Home > Science > The Private Life of Elder Things > Page 20
The Private Life of Elder Things Page 20

by Adrian Tchaikovsky


  “What’s this?” Falconer was squinting at Mahler’s computer. Derwent could see what looked like a Google Earth view of Slumside, with lines and scribbles superimposed, highlighting where…

  “Those are where Atacom’s been working on the estate,” she said automatically. It wasn’t much, but Slumside was still her patch.

  Falconer took that in, then stared at Mahler. “That’s it, is it? Fed up of complaining about the lifts? Taking matters into your own hands?”

  And Mahler laughed, a high and desperate sound. “Oh fuck, you really think it’s me?”

  Derwent’s phone chimed and she clutched for it automatically. Nzeogu had texted her going to hawkins atacm urgent.

  She thumbed back not alone also why???

  “You think I’m some criminal mastermind?” Mahler laughed again, though it was more like crying. “I’ve been trying to work this out ever since all my fucking friends got eaten at the party.”

  Another chime. Nzeogu had sent her a photo, skewed and slightly out of focus. It showed a business card.

  Raymond Paoli. Atacom plc. Research and Development.

  “You need to get out of here,” Mahler told them. “At least you can take the stairs.”

  *

  Just about everyone at Atacom had knocked off for the night, by now, except the big cheese himself. When Nzeogu burst into his office, Hawkins was in the middle of packing a briefcase. His expression, caught in the act, was one of utter denial.

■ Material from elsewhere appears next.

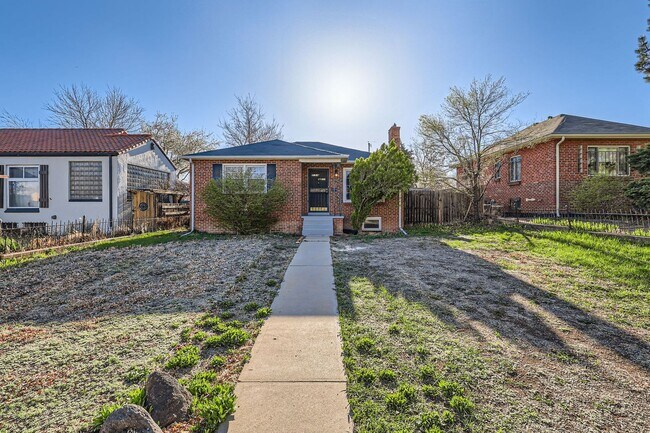 Foto del edificio - Charming 3-Bedroom Home with Spacious Back...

  “No,” he got out. “No, I need to get to Westminster.”

  “You’re not going anywhere.” Nzeogu felt just as shaky and washed out as Hawkins looked, but maybe there was a reason for that. Maybe they had an experience in common “I will arrest you if I have to.”

  “On what charge?” Hawkins demanded.

  “On any damn charge I feel like because I am going to hold onto you until you tell me why Atacom needs an R&D department.” He slung down Paoli’s card.

  Hawkins’ face twitched and quivered as though the man he’d once been, before taking on this job, was still trapped inside and trying to get out. “It’s not my fault,” he said faintly. “It’s not what you think.”

  Nzeogu lunged forward and shoved him so that he slammed back down into his seat. “I do not even know what I think right now. I just know some guy you used to employ to develop things turns up on the street with some mind-fuck invention that’s also a disintegrator ray or something. I want to know what’s going on.” He could hear his own voice going raw with exhaustion and accumulated trauma. “I want to know what happened to me.”

  Hawkins looked convulsively over his shoulder, out of the window at the sprawling eyesore of Slumside. “It’s too late now anyway,” he said, in a small voice. “It doesn’t matter.”

  “Sure, sure, Parliamentary enquiry’s going to tear you a new one,” Nzeogu said, unsympathetically. “Look—”

  Hawkins’ smile was sickly, awful to behold. “Oh no, that’s going to be just fine. We’re going to hit all our targets.” As though finally resigning himself to Nzeogu’s presence, he settled back in the chair. “Paoli … Paoli thought it was all free love and opening the mind, but really hitting targets is the only thing.”

  “Explain,” Nzeogu pushed.

  “I had a great-great-uncle. Crawford was his name. He was a genius,” Hawkins told him raggedly. “He invented some-thing – his resonator. And it opens the mind, Paoli was right about that much. It opens the mind so far that anything can get in.”

  *

  “We’re not going anywhere until you give us some answers,” Falconer told Mahler. “What have you done? What have your people planted here? When’s it going to blow? What about your friend Raymond?”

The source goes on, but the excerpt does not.